Shortly after my discharge I started therapy sessions with a psychologist who specialized in women's health issues and Eye Movement Desensitization Reprocessing (EMDR) therapies. EMDR is a treatment used primarily in Post-Traumatic Stress Disorder (PTSD) patients, but also has benefits for depression and anxiety. In a nutshell EMDR teaches you how to reprocess memories so that they no longer haunt or hold you back. I was skeptical of this approach, however after my first session I was a believer. The process of EMDR helped guide me down pathways I had never seen before in processing my anxiety.

Currently I have completed several sessions of EMDR, which has reduced anxiety over past circumstances, helped me develop new coping mechanisms, and is helping me wean off my Zoloft completely prior to delivery of my second child in May. So how does this all affect my perceptions of stress management in nursing?

Stress and Nursing

Stigma

Mental health fears

Weakness

Vulnerability

Incompetence

After I was first prescribed Zoloft I was open with everyone about it, because it was helping tremendously. It felt amazing to feel like myself again, to be able to move, function, and love my life again. So when people asked about my pregnancy I would admit it was rough and that I was on Zoloft, but doing well. I was met with basically the same reaction from nearly everyone. Moderate discomfort.

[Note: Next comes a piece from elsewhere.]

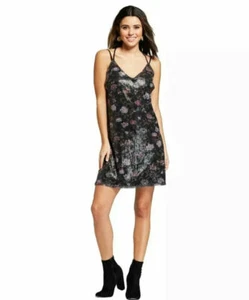 Sequin Dress Black Floral Juniors Sz XS Spaghetti T-Strap V-Neck Xhilaration - Picture 1 of 4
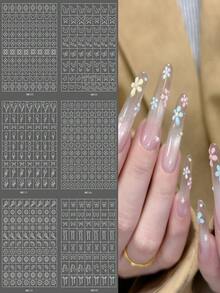1Sheets 3D Checkered Transparent Spray-Painted Nail Art Accessories Sticker,French Line Heart-Shaped Butterfly Nail Decorations Stickers,Spray-Painted Repeatable PET Nail Stickers For Patting Glue Template - Multicolor - View 6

For comparison, when you tell someone you are on a new medication for any chronic or acute disease most people will show enthusiasm for you. Often praising the wonders of medication, telling you how glad they are that you are feeling better, or agreeing that maybe they should look into this option for themselves. This is not true of medications for mental wellness. The idea that you might be imbalanced somehow outweighs that you are working hard to manage both on a pharmaceutical and therapeutic level. While I was never swayed to silence my story by this reaction, it did make me understand why nurses are reluctant to seek stress-management options.

No nurse wants the stigma of weakness, vulnerability, or incompetence tagged to their credentials. We often think of being blamed first for drug diversion if we are on Xanax or Zoloft. We fear lawsuits if something goes wrong with a patient because we have been in therapy for depression. For me I had seen first-hand, from the bed, how those diagnosed with mental ailments were treated, and I understood all too well why most nurses I talked to cringed at even the thought of therapeutic conversations about work.

As my therapy, pregnancy, and time on Zoloft have come to end I have learned a valuable lesson, despite stigma, stress can be addressed without creating labels on the nurses participating. Getting to the root of stress related problems can help prevent occurrences of depression and pharmaceutical intervention; it just has to be presented in the preventative health arena.

My Commitment

From here on forward I am committed to bridging the gap between prevention and mental health awareness. I am committed to finding a way to let nurses recognize areas of stress and reduce them without being afraid of being labeled. My commitment starts with my own openness about my struggles and revelations, available here, in this story.

Thank you for sharing this! I too suffer from depression and anxiety. Actually having been having lots of flare ups lately. It seems when I have down time it's the worst, I can't get "started" everything takes so much effort. I am on Prozac and also take Gabapentin for anxiety in the luteal phase of my cycle. Depression sucks and there is no other way to put it. People who have not had depression have a heard time understanding just how bad it can be. I know it's bad when I start contemplating what the purpose of life is---it's nice to know I am not the only one who struggles. The silver lining in being a nurse with this ailment is we can see everyone has some hardship---some just cover it up better than others. Thank you for sharing!